The Journal of San Diego History
Spring 1976, Volume 22, Number 2
James E. Moss, Editor


David J. Weber, Book Review Editor

Water and the West: The Colorado River Compact and the Politics of Water in the American West. By Norris Hundley, Jr. Berkeley: University of California Press, 1975. Bibliography. Illustrations. Index. Maps. Notes. 417 pages. $20.00.

Reviewed by Lawrence B. Lee, Professor of History, San Jose State University.

This absorbing historical monograph describes the origins and implementation of the famous Colorado River Compact which headed off one of those legendary Western water wars with a “treaty” that divided the waters of the Colorado River “equitably” between upper and lower basin states and brought Hoover Dam into being. The adversaries in the potential war were: (1) the upper basin states, which anticipated that, under the water law doctrine of “prior appropriation,” they would lose coveted water rights for irrigation agriculture even though they were the states of origin for most of the Colorado River flow; (2) California reclamation interests in Imperial Valley, which desired flood control benefits as well as an All American Canal; (3) Los Angeles commercial interests and city bureaucrats who sought new sources of domestic water and electric power; (4) in addition, the federal Reclamation Service under director Arthur Powell Davis sought to erect a giant multi-purpose dam at Boulder Canyon which would serve California’s interests and ostensibly give Arizona and Nevada their fair share of Colorado River benefits.

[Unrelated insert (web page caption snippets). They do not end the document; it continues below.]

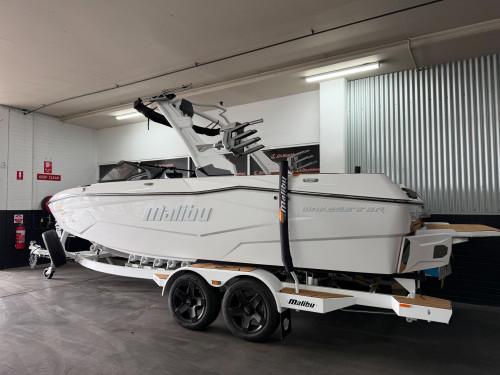 Carousel 3 of 2026 Malibu Wakesetter 22LSV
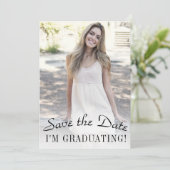 Elegantes Foto zur Minimalistischen Graduation Save The Date (Stehend Vorderseite)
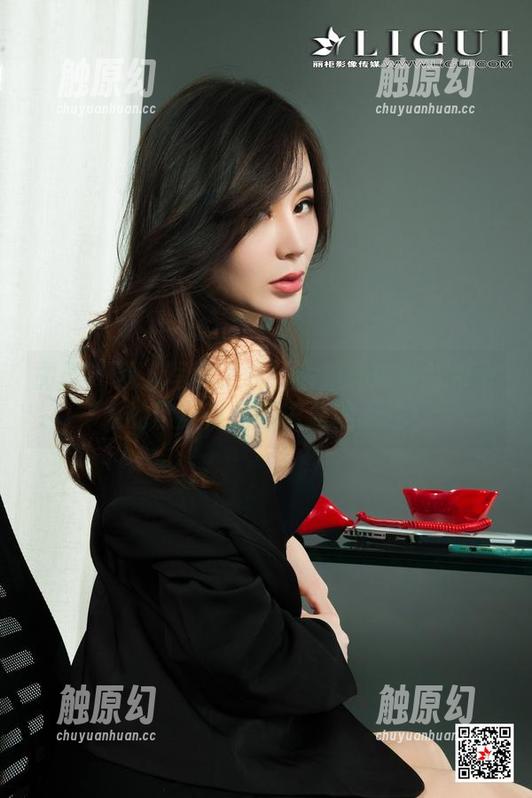 丽柜 - 双人写真上线！晴晴的诙谐与那个人的默契在原图中显露无遗！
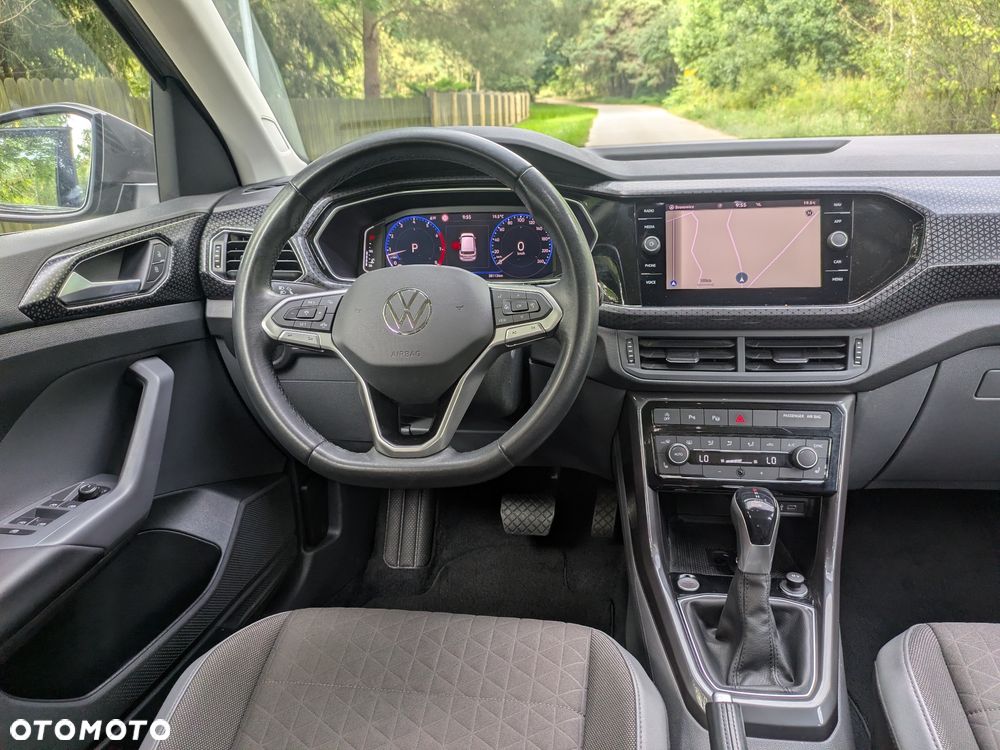 Volkswagen T-Cross - 16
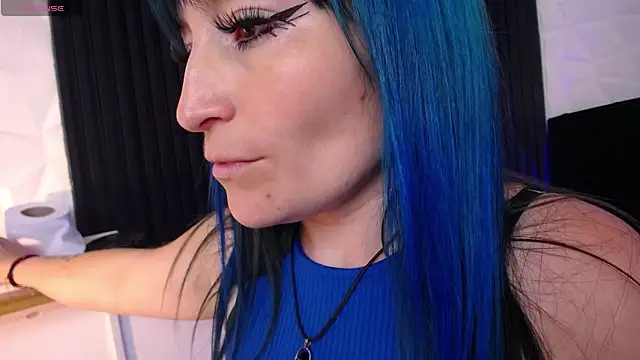 alicia moom online show from 03.04.25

This narrative is of particular interest to the residents of metropolitan San Diego because San Diego leaders were in at the beginning with the formation of the League of the Southwest. Also Hoover Dam and the auxiliary infrastructure have provided the water and power resource base for San Diego and Southern California’s spectacular growth since World War II days. The League of the Southwest, the brainchild of San Diego promoter Arnold Kruckman, launched its developmental program for the Southwestern states with a gala convention at the Hotel del Coronado in November, 1917. The fourth meeting (Denver) of the League, now a single-issue organization dedicated to the development of the Colorado River, was the occasion for Colorado lawyer Delph Carpenter’s proposal that the Colorado River states create a compact or interstate treaty under Article I Section 10 of the U.S. Constitution. Ingenuity and a spirit of compromise distinguished the settlement of these knotty issues. The famed Santa Fe conference (1922) that put the Compact together under the leadership of Secretary of Commerce Herbert Hoover proved successful when the delegates agreed on a formula for dividing the waters. The upper basin states finally guaranteed that a minimum of 7,500,000 acre-feet of the Colorado water would be available annually for the downriver states. Then the upper basin states persuaded California to accept a fixed proportion of this amount, pegged at 4,400,000 acre-feet, in the Boulder Canyon Project Act (1928) which authorized Hoover Dam.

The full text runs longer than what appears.